Aber jetzt, als sie Pelle den Fuchsbau zeigen wollte, konnte sie ihn nicht finden. Bootsmann jedoch fand ihn. Lange hatte er geglaubt, Tjorven und Pelle seien zu ihrer geheimen Hütte unterwegs, aber sobald er verstand, wonach Tjorven eigentlich suchte, sah er sie an, als dächte er so ungefähr: Hummelchen, weshalb fragst du mich nicht gleich? Und da führte er sie geradewegs zum Bau. Der lag ganz hinten im Wald und so versteckt, wie ein Fuchs es sich nur wünschen konnte. In einer Steinmauer. Pelle zitterte vor Erregung. Dort unten in den finsteren Gängen war der Fuchs. Was machte es schon, wenn man ihn nicht zu sehen bekam, wenn man doch wußte, daß er dort drinnen saß mit seinem roten Fell und seiner langen Lunte und den blitzenden Augen. Das genügte Pelle.
Sie machten auch einen kleinen Abstecher zu ihrer geheimen Hütte, da sie es ja überhaupt nicht eilig hatten. Die Hütte hatten sie aus Protest gebaut gegen Teddy und Freddy und Johann und Niklas, diese vier Geheimen. Die hatten irgendwo eine geheime Hütte, und sie hatten gesagt, niemand auf der Welt, der nicht mit in ihrem geheimen Klub sei, dürfte jemals erfahren, wo diese Hütte sei.
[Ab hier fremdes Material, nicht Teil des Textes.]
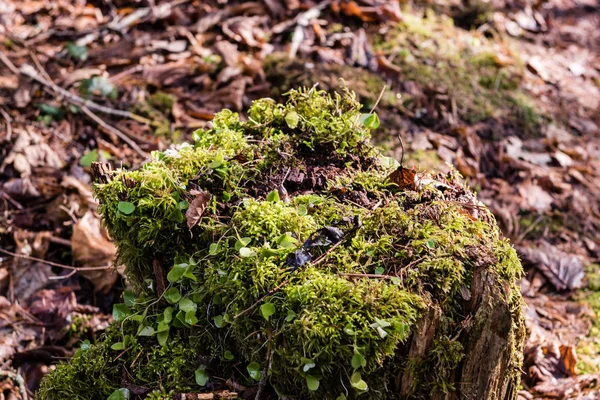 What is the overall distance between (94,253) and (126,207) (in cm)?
169

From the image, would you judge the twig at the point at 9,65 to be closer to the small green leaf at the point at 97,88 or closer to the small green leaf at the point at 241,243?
the small green leaf at the point at 97,88

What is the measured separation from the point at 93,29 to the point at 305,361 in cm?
559

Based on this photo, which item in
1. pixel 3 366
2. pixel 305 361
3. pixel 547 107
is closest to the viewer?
pixel 305 361

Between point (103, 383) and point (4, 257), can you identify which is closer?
point (103, 383)

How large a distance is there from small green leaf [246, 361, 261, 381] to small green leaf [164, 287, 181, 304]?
51cm

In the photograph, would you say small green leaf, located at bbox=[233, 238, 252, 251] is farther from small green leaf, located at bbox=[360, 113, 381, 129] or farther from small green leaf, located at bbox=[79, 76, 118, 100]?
small green leaf, located at bbox=[79, 76, 118, 100]

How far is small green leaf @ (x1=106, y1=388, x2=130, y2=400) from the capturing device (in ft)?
7.95

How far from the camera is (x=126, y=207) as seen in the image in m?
2.69

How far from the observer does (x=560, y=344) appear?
3.95 metres

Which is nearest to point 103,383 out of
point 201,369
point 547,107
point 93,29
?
point 201,369

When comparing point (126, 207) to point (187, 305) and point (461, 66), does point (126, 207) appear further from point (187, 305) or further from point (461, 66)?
point (461, 66)

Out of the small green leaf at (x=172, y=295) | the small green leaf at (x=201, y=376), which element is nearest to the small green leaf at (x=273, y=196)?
the small green leaf at (x=172, y=295)

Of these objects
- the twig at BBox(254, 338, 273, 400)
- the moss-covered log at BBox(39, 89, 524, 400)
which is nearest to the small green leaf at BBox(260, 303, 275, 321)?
the moss-covered log at BBox(39, 89, 524, 400)

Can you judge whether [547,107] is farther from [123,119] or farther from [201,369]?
[201,369] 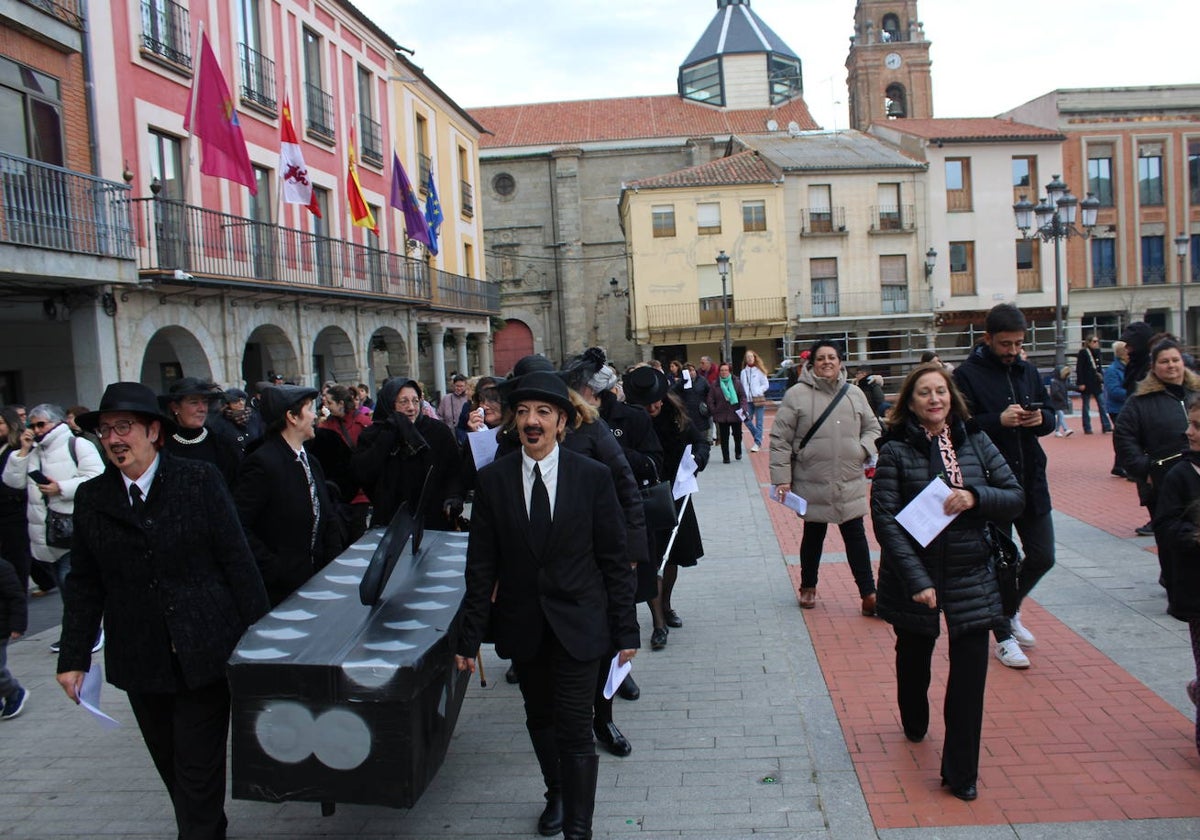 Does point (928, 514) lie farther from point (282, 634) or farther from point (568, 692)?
point (282, 634)

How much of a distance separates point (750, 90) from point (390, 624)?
55.4 metres

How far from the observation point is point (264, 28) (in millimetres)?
18875

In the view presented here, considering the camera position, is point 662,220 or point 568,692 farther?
point 662,220

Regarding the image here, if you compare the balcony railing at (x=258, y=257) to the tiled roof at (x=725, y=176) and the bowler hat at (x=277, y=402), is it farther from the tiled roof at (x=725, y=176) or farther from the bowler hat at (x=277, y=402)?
the tiled roof at (x=725, y=176)

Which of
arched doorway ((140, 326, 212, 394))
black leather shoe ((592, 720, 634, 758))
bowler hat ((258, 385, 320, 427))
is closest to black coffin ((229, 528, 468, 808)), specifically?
black leather shoe ((592, 720, 634, 758))

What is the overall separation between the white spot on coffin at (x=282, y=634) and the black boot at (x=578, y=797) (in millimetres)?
1105

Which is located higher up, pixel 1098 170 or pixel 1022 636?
pixel 1098 170

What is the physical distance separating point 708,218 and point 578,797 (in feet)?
121

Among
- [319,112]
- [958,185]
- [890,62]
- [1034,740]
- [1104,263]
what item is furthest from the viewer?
[890,62]

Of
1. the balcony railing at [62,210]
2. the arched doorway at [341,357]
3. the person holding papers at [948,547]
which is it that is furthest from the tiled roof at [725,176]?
the person holding papers at [948,547]

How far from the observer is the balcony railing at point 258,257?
47.9ft

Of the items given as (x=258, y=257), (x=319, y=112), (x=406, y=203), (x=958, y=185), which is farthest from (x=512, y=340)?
(x=258, y=257)

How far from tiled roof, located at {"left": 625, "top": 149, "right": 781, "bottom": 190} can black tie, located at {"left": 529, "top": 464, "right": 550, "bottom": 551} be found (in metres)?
A: 36.5

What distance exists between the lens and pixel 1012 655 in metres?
5.43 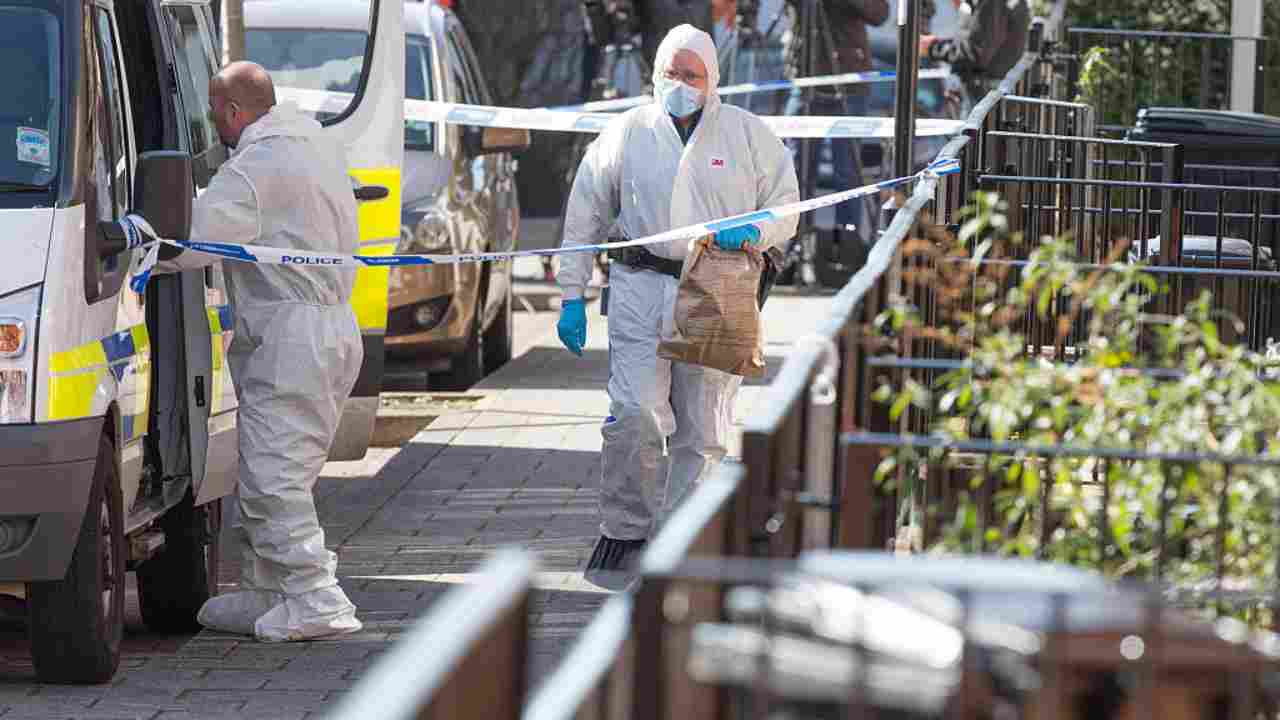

Tjorven und Pelle hatten sich sofort angeboten, in den geheimen Klub einzutreten, aber das ging auch nicht, denn sie seien zu klein, sagte Teddy, und die geheime Hütte liege weit weg auf einer anderen Insel, einer geheimen, unbewohnten Insel, und dort dürfe niemand hinkommen, der noch nicht zwölf Jahre alt sei, so laute das Gesetz, sagte Freddy. Zwei Wochen lang waren die vier Geheimen jeden Morgen in ihrem Kahn losgerudert, daß es nur so schäumte, während Tjorven und Pelle und Stina wütend auf dem Steg zurückblieben und fühlten, daß sie zu klein waren.
»Gar nicht sind wir zu klein«, sagte Tjorven. »Wir können uns auch eine geheime Hütte bauen.«
Und so hatten sie sich eine in Janssons Kuhwäldchen gebaut, sogar Stina hatte mitmachen dürfen.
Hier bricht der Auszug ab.